However, another analyst, Arthur Majara, says although the demands may seem too high, they are justifiable given the responsibilities the MPs should on behalf of the nation.
“Modest salaries for MPs and other officials lead to corruption because you cannot have that huge responsibility of overseeing the management of the public funds yet you are not financially stable.
“How do we expect someone who earns about M30 000 to take care of the nation’s M17, 5 billion worth of assets,” Mr Majara asked rhetorically.
Mr Majara further argued that the MPs salaries have not been reviewed in the last 20 years, with the last increment of more than a 100 percent being effected in 1998.
Mr Majara also argued that the MPs were justified in their demands because their jobs were not permanent and could be lost at any time unlike those of civil servants.
And even if the government were to give in to the MPs’ demands, it remains to be seen where the money would come from and how this would affect the economy which Dr Majoro says is presently incapable of sustaining salary increments.
Civil servants who include teachers and magistrates only received a four percent increment when the 2018/19 budget was announced by Dr Majoro early this year. The minister has repeatedly warned that the country is experiencing severe economic challenges and told civil servants that they will only get more if the conditions improve.
Apart from Dr Majoro, some multi-lateral finance institutions most notably, the International Monetary Fund (IMF) have told the government to implement tough fiscal measures to improve the economy.
Chief among these is the need for the government to reduce the high public wage bill, undertake public financial management reform as well as implement the multi-sector reforms that were recommended by the Southern African Development Community (SADC).
The IMF has also advised the government to award performance-based salary increments.

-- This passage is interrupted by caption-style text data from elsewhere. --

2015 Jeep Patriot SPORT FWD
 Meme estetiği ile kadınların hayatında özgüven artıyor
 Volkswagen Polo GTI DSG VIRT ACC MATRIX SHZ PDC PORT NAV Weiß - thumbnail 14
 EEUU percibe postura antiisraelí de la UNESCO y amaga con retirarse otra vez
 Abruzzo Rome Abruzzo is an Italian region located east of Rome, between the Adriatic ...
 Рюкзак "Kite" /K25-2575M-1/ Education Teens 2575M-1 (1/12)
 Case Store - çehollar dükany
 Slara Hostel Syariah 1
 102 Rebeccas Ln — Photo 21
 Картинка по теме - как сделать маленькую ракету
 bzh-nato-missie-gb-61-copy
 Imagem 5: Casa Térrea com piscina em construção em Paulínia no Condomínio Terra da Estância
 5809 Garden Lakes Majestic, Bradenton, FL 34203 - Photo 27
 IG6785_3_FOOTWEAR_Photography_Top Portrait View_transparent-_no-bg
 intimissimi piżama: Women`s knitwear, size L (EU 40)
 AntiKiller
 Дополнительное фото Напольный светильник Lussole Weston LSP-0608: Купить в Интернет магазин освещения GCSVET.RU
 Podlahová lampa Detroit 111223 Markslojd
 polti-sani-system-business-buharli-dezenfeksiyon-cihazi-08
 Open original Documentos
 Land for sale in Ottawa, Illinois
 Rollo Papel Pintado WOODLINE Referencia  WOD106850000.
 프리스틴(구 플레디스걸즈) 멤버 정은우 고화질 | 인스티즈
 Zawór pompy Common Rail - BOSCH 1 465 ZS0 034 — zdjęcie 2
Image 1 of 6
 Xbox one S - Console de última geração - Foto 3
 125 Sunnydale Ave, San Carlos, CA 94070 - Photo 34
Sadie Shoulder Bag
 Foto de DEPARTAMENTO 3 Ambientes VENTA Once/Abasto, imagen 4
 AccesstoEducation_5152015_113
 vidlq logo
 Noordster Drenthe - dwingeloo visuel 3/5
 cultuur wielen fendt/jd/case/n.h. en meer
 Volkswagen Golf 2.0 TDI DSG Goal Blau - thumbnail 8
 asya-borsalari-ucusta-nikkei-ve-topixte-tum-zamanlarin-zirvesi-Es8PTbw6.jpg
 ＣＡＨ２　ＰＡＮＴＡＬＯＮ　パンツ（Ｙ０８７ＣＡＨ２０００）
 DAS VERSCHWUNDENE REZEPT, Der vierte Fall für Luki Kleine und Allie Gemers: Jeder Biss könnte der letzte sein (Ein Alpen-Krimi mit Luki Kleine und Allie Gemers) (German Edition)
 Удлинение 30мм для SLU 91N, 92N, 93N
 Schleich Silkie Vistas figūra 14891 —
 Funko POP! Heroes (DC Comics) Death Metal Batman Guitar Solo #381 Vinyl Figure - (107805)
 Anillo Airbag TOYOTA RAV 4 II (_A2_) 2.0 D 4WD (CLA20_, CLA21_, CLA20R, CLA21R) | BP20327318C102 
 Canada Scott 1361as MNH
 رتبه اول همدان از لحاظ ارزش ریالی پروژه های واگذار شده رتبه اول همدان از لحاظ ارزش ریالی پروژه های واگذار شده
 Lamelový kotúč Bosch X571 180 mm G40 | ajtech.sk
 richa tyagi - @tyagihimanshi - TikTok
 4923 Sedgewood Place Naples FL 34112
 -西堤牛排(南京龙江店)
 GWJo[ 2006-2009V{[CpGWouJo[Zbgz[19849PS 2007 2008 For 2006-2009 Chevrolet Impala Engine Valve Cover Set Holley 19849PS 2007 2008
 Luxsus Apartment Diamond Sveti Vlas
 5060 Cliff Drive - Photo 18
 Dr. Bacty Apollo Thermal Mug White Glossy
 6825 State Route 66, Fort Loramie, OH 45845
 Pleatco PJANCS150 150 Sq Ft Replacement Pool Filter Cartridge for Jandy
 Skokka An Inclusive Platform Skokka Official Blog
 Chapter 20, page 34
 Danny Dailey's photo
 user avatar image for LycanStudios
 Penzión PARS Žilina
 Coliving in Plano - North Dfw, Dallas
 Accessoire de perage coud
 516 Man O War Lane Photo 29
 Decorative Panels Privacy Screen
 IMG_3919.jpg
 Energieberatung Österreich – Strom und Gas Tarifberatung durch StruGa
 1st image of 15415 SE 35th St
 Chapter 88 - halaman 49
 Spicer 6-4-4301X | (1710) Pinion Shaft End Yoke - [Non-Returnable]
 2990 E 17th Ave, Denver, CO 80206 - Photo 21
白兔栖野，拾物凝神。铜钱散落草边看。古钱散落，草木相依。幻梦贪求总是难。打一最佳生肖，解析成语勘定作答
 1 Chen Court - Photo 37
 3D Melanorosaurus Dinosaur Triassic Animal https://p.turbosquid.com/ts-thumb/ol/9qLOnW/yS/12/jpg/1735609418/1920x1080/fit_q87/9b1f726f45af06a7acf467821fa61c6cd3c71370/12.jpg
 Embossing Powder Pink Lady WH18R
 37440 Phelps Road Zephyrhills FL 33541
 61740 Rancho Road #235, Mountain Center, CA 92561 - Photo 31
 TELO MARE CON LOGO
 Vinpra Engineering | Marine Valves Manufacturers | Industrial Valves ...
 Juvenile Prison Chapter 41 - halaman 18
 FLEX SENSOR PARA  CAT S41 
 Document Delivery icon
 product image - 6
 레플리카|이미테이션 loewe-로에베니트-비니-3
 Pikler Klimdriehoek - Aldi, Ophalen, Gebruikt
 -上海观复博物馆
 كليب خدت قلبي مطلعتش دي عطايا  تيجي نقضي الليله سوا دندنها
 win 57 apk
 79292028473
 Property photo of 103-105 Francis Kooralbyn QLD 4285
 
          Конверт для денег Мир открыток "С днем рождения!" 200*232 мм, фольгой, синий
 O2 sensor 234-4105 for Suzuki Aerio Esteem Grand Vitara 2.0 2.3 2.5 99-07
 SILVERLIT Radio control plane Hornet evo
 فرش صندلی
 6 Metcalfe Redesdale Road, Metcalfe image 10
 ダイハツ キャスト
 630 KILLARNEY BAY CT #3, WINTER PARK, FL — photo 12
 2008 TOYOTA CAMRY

The government and the IMF have been in discussions since June this year for the bailout from the IMF and other development partners which will help to reduce the budget deficit and boost foreign currency reserves.
Although Dr Majoro has previously expressed confidence that an agreement would be reached by the end of August this year, a deal has not materialised up to now with both sides indicating that there are still some sticking points to be ironed out.